→ Brief
Two lines in the data below mark the range: the one with "Purple floral one-shoulder" and the one with "Orange clay brick". Return both, along with every line between them, exactly.

→ Record extracts
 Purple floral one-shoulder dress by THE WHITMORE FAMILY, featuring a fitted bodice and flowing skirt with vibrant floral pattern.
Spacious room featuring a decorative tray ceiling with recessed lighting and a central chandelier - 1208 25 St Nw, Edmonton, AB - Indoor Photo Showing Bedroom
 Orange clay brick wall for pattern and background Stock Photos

* * *

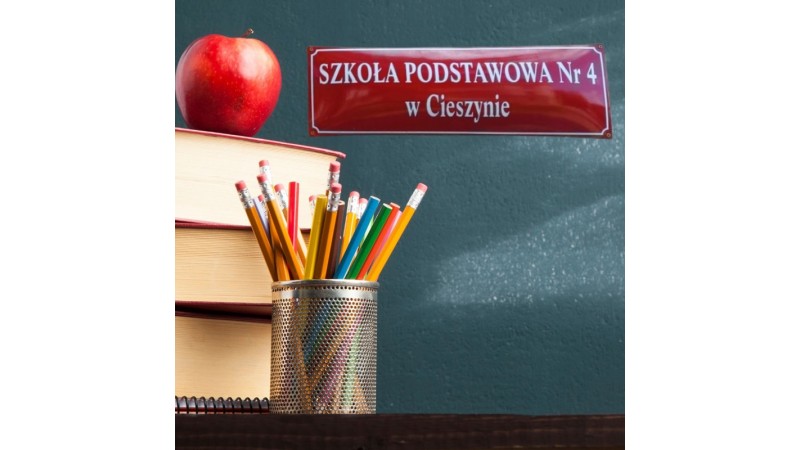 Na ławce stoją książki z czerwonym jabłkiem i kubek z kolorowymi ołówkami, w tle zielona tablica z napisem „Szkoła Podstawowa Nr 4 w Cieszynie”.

→ Solution
 Purple floral one-shoulder dress by THE WHITMORE FAMILY, featuring a fitted bodice and flowing skirt with vibrant floral pattern.
Spacious room featuring a decorative tray ceiling with recessed lighting and a central chandelier - 1208 25 St Nw, Edmonton, AB - Indoor Photo Showing Bedroom
 Orange clay brick wall for pattern and background Stock Photos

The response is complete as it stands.